El dispositivo es el mismo del original: la periodista ha citado a Rosell años más tarde para preguntarle sobre sus informes, en especial, el que hizo tras visitar el campo de Theresienstadt. La diferencia es que ha querido que Primo Levi esté presente en la entrevista. La propuesta escénica respeta el original y sitúa la entrevista en la cafetería del Hotel Roma (lugar en que se suicidó Cesare Pavese). Un único espacio, un tiempo que transcurre sin elipsis, y se concentra en el combate verbal de los tres reputados intérpretes. Esa es la apuesta de la pieza: no hay grandes efectos ni giros dramáticos espectaculares, sino tres personas tratando de entenderse entre ellos y a sí mismas. Un sutil espacio sonoro, una iluminación tenue y que juega con el claroscuro, y una escenografía hermosa y funcional (mesas y sillas de café centroeuropeo, un neón en el que se lee Hotel Roma, un tocadiscos y espejos que, quizá, son metáfora de la dualidad ilusión-realidad).
Tres miradas
Cada uno de los personajes representa una postura ante lo ocurrido: la periodista que no vivió el holocausto, pero que tiene claro todo lo que ocurrió gracias al minucioso estudio de la información histórica que maneja y, por tanto, desde el rigor, posee una verdad a la que quiere llegar; Primo Levi es la víctima que sobrevive de milagro al horror, lo cuenta y anda entre la desesperanza que le ha dejado ese horror y cavilaciones sobre qué es la memoria; y Rosell, el hombre neutral que tenía que dar informes en el momento y que, a toro pasado, se enfrenta a la acusación de tibieza y hasta benevolencia con el régimen nazi. Sin llegar a los extremos de lo que Hanna Harendt bautizó como la banalidad del mal en referencia al juicio de Eichmann (algunos individuos actúan dentro de las reglas del sistema al que pertenecen sin reflexionar sobre sus actos), Rosell se muestra como un hombre que sigue defendiendo el contenido de sus informes, lo que nos hace reflexionar sobre la actitud que adoptamos ante el horror cuando no nos toca directamente y lanza la pregunta de hasta qué punto la neutralidad o cierta ceguera (voluntaria o involuntaria) son cómplices de ese horror.
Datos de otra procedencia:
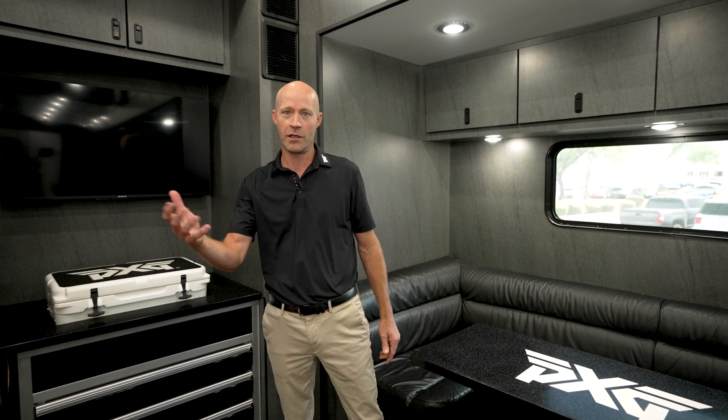Hi, I'm Joel Kreivel, Director of PGA Tour Operations at PXG. We are here at headquarters in Scottsdale, Arizona on our tour truck. The truck's just getting a fresh wrap and getting ready to hit the road again. But let's show you around and see what our tour players do when they come in to get some work done.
Los tres intérpretes resuelven con solvencia sus roles. María Morales dota de emoción la búsqueda de la verdad de su personaje, Juan Carlos Villanueva encarna con solemnidad a Primo Levi y Antonio de la Torre propone un Rosell simpático y, sin embargo, hermético. El director de la pieza, a lo Hitchcock, se reserva un cameo como hombre de paso en los primeros minutos de la función, sin que ello tenga incidencia sobre la acción. Primo, en el rato que se ausenta de la conversación, permanece en la escena como símbolo de la conciencia imborrable del horror. La obra solo rompe la cuarta pared en los minutos finales, los intérpretes se dirigen al público para darnos un mensaje que, creo, ya estaba contenido en la propia pieza.
Seguí la función con interés. La sutil amplificación con micros de las voces de los intérpretes les permitía una dicción natural sin necesidad de esfuerzos. El diálogo fluye y evita el peligro de sonar “a escrito más que hablado” al jugar sabiamente los intérpretes, en especial de la Torre, con intencionadas interrupciones y sutiles balbuceos que se parecen más al hablar coloquial que la emisión del texto impoluto. Sentí una leve desilusión en el clímax por estar, desde mi punto de vista, atenuado: no hay enfrentamiento directo entre las dos fuerzas centrales de la obra, los dos testigos directos. Quizá esa atenuación es intencionada y pretende decirnos que no hay respuesta clara al asunto del que se trata.
Un hombre de paso ha contado con la colaboración en la producción del teatro Lope de Vega de Sevilla, que ha acogido su estreno absoluto, agotando las localidades en todas sus representaciones.